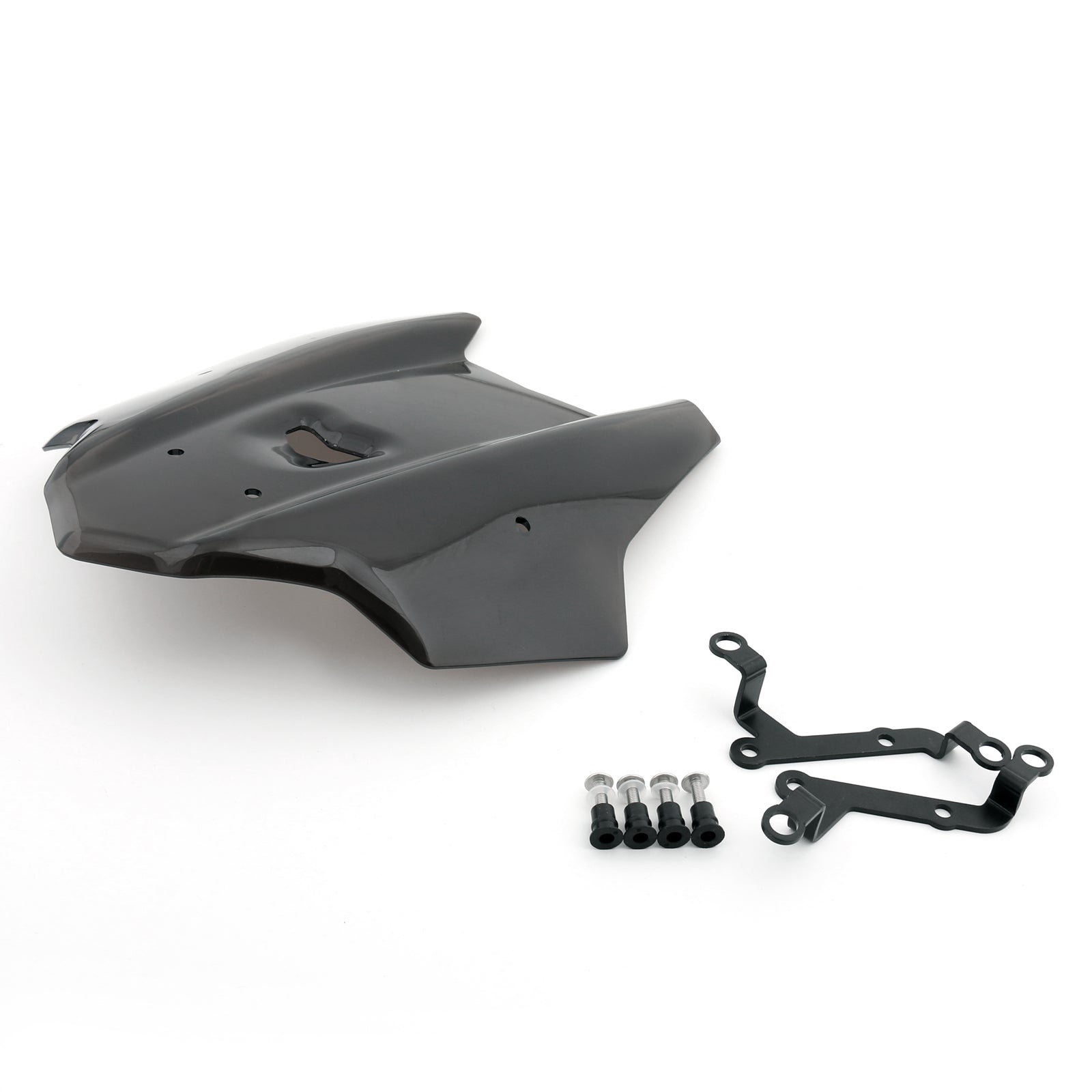 Windshield Windscreen + Bracket Double Bubble For Yamaha MT10 FZ10 16-18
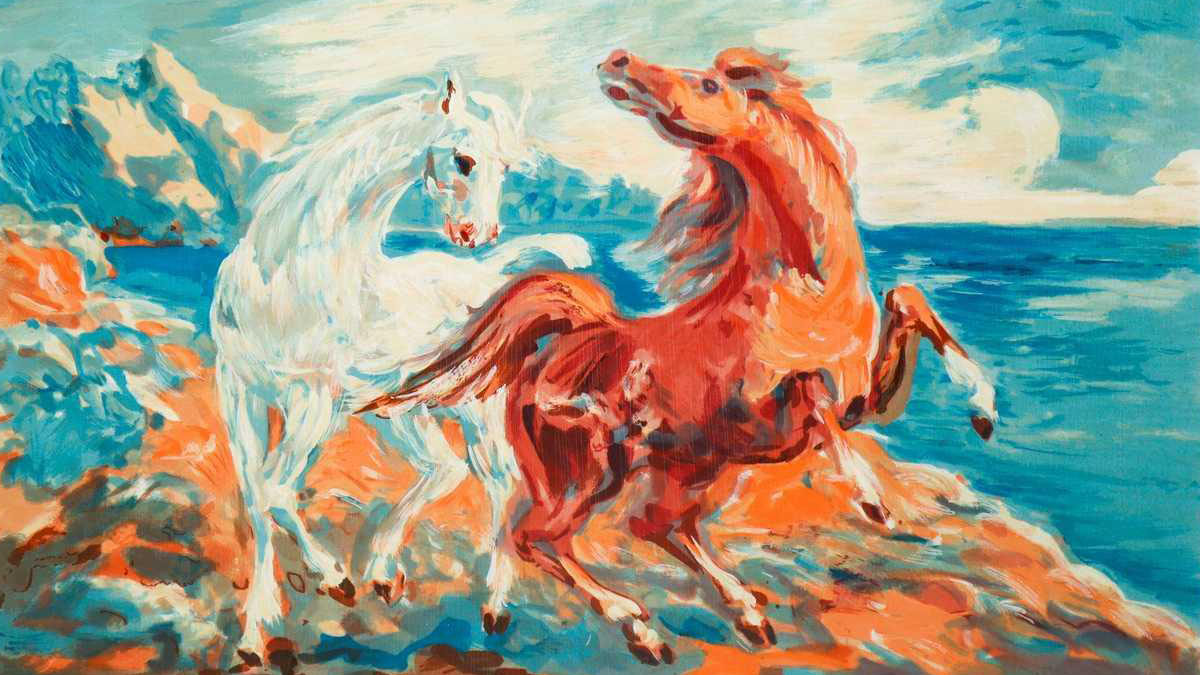 “Cavalli” di Aligi Sassu. ? Casa d'aste La Rosa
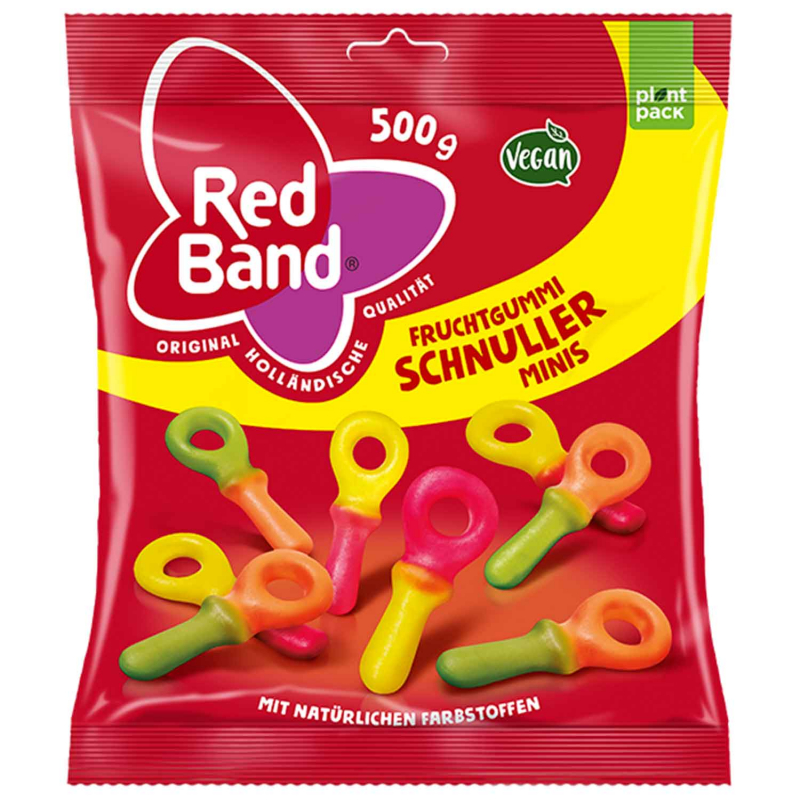  Red Band Fruchtgummi Schnuller Minis 500g 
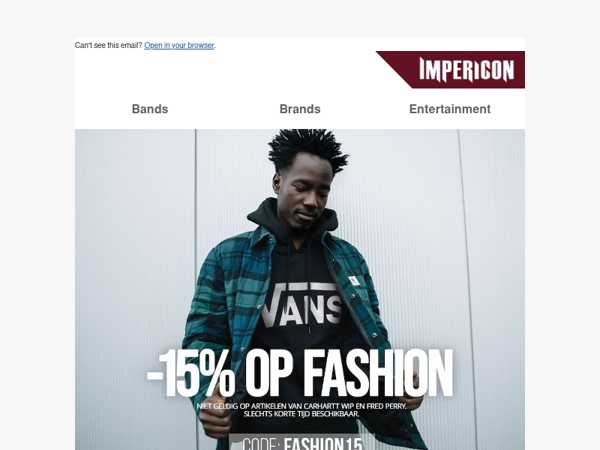 15% korting op Fashion: Je stijl-upgrade wacht op je!🖤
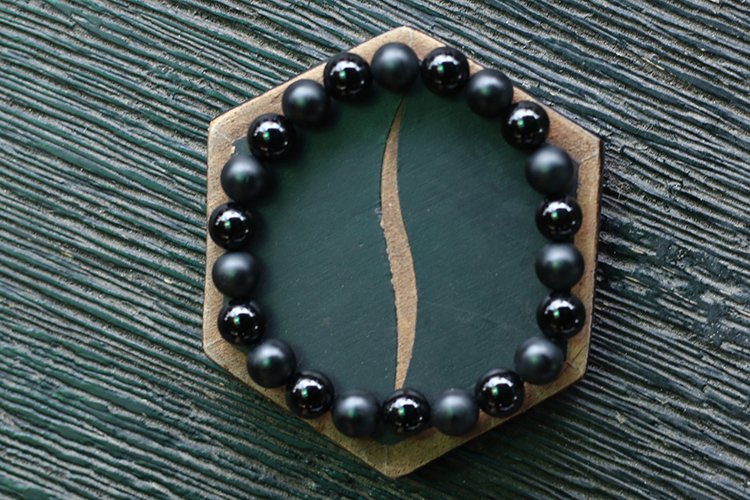 Vòng Đá Obsidian Đá Thiền Bóng Nhám Ngọc Quý Gemstones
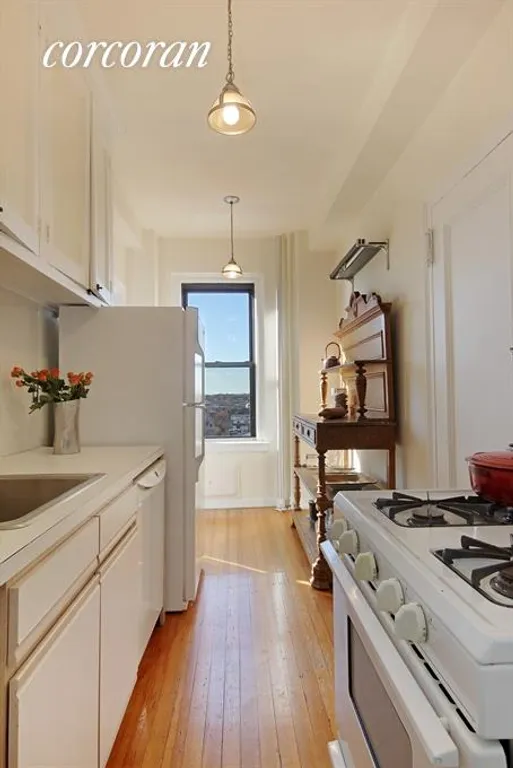 New York City Real Estate | View 1 Plaza Street West, 11B | Windowed eat-in kitchen | View 2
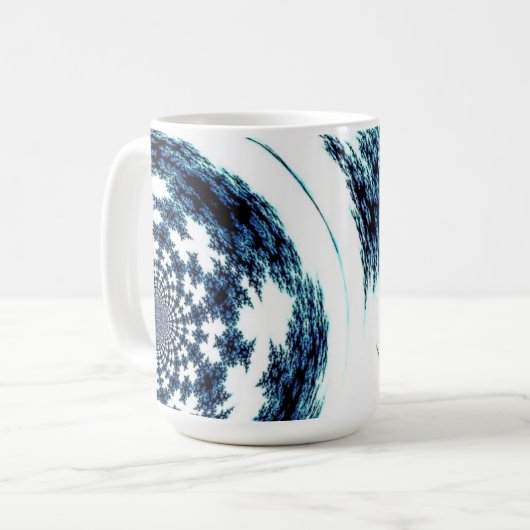 Mug Flèche Bleue Fil Fractale Conception (Devant gauche)
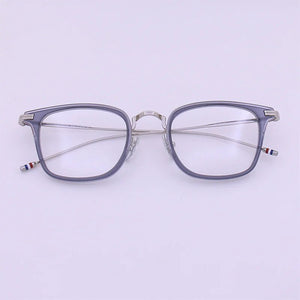Prescription Eyeglasses Frame Thom Brand Alloy Square Titanium Acetate Glasses Frame Men Women Optical Myopia Spectacles TBX905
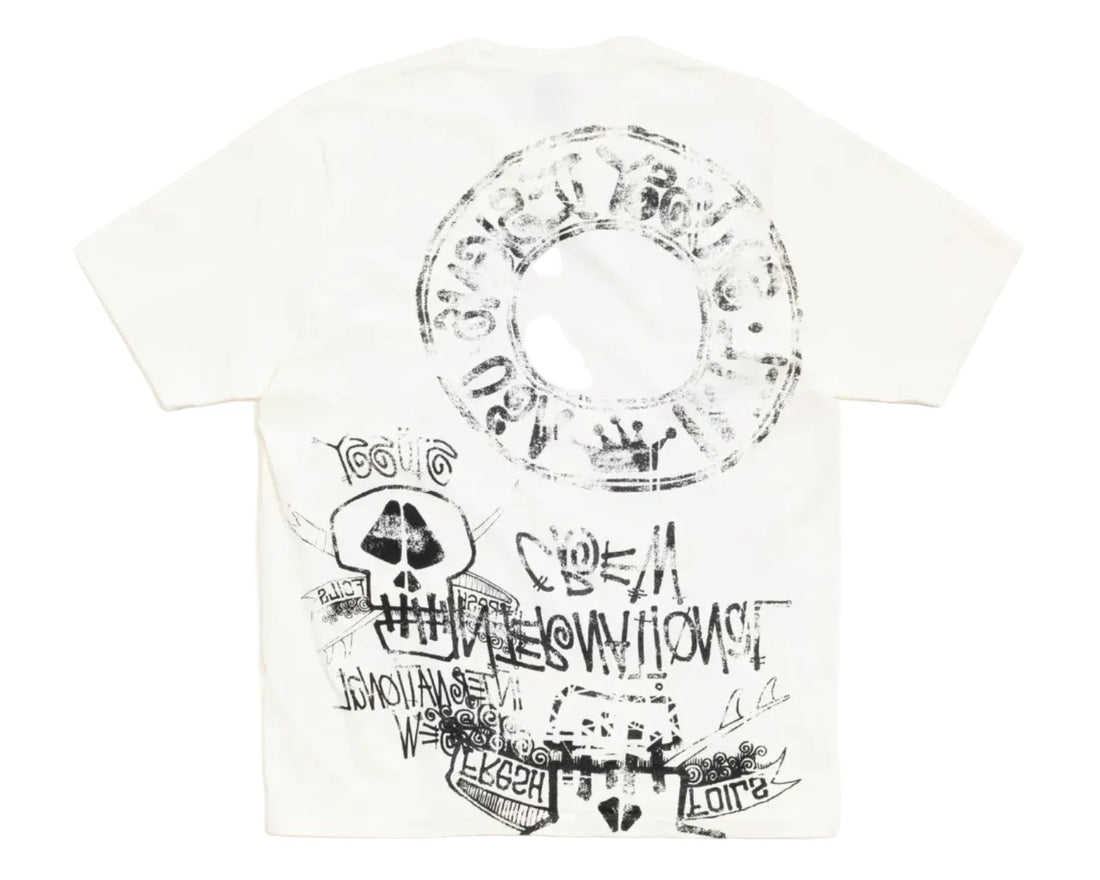 Stussy Skulls Pig. Dyed Tee Natural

+++++

> **Task**
Beginning with the line that bears "New York City", output each line through the last line of the listing exactly, and no others; skip the pictures.

> **Response for this exercise**
 New York City Real Estate | View 1 Plaza Street West, 11B | Windowed eat-in kitchen | View 2
 Mug Flèche Bleue Fil Fractale Conception (Devant gauche)
Prescription Eyeglasses Frame Thom Brand Alloy Square Titanium Acetate Glasses Frame Men Women Optical Myopia Spectacles TBX905
 Stussy Skulls Pig. Dyed Tee Natural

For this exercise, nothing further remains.